In investing, sometimes boring is good. Take toll roads, the relatively humdrum expressways provide a dose of certainty in an unclear Chinese and global economy. The business model couldn’t be simpler. People drive, people pay tolls, owners of toll roads make money. “People don’t really need or want surprises in these stocks. So no surprise is basically good news,” said Patrick Xu, a transportation analyst at Barclays. Zhejiang Expressway (0576.HKG) delivered the goods this week with an earnings release that was inline with Xu’s expectations. Thanks to high dividends and some potentially lucrative side projects in property development – with little risk of going belly up thanks to the steady toll income to finance the projects – investors should be able to expect consistent returns in the year to come despite slower growth in highway traffic. Investors looking to enter the sector can also consider Jiangsu Expressway (0177.HKG), which announces earnings today. The company is perhaps the strongest in the sector with Xu expecting 43% growth in earnings per share in 2013. The company is expected write down a one time charge of roughly $1.2 billion in its earnings as the government removed some tolls on one road, which “will scare some of the investors but it probably won’t really undermine the investability of their stock,” Xu said. If the stock goes down on the announcement, that might be the time to buy.
Too much excitement
Quite the opposite of toll roads, there’s rarely a dull moment for Chinese tutoring firm Ambow Education Holding (AMBO.NYSE) in the past year, even if it’s exciting for all the wrong reasons: First was an internal misconduct probe and then shareholders accusing the company of faking an acquisition attempt. On March 15, the firm’s stock price saw a sudden reversal in its yearlong downward spiral when Baring Private Equity Asia, a 10% stakeholder, launched a bid to take the company private. Ambow shares jumped 50% in one day. That was not to last, however, as three board members resigned, sending the stock back down. The resignations of board members who represent some of the firm’s largest stakeholders indicate a major disagreement, possibly over the buyout, one analyst said. Complicated boardroom drama may make for a compelling story, but it’s bad news for investors who might otherwise be interested in the China’s growing market for private education. Given all the companies’ woes, investors should have sold when the stock jumped 50%, the analyst said. “If you’re a retail investor and you don’t know what’s going on, you shouldn’t be in the game.” With no way of guessing what will happen next, investors hold Ambow stock at their own risk and may want to find the nearest exit.

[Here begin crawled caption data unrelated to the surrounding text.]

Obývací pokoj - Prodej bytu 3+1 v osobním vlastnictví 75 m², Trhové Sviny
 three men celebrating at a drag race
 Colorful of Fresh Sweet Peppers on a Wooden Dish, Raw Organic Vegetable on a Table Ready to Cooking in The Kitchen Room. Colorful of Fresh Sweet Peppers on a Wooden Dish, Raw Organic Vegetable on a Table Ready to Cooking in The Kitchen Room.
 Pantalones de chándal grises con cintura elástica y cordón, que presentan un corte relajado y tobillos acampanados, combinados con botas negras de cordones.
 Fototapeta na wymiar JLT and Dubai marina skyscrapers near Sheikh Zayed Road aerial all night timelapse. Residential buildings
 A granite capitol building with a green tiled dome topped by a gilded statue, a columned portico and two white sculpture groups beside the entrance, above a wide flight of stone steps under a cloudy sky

Ain’t nothing but a 4G thang
China Telecom (CHA.NYSE, 0728.HKG) was obviously looking for attention from investors Wednesday when its chief executive hinted at employing a commonly used standard for its 4G network. China Mobile (CHL.NYSE, 0941.HKG) is by far the kingpin in the forth-generation game at present, but it’s rolling out a network on a China-developed standard of which little, including the price for development, is known. China Telecom’s tentative plan that would focus on major cities sounds like an effort to reduce costs and speed up its network development so that China Mobile doesn’t run away with every last 4G customer in the country. China Unicom (CHU.NYSE, 0762.HKG) hasn’t made an official comment on 4G yet. The problem in China is that no one really knows what the market for the new technology really looks like , or how much can be charged for the service, said CIMB Head of Equities Research for China Bertram Lai. “These are huge unknowns that everybody’s struggling with,” he said from Hong Kong. Regulation is the key to grasping the market. Unfortunately, an amalgam of interests sway regulation in the industry in China, and these are poorly understood, Lai said. One thing is clear, however. The Ministry of Industry and Internet Technology wants a balanced market. “MIIT is a pro-consumer regulator. What they would like to see is three healthy operators,” Lai said. The regulator is holding out on issuing 4G licenses at least until all three companies have a fighting chance. Investors should be wary of buying telco stock on the promise of higher earnings from 4G. The players may come out looking somewhat even in the end.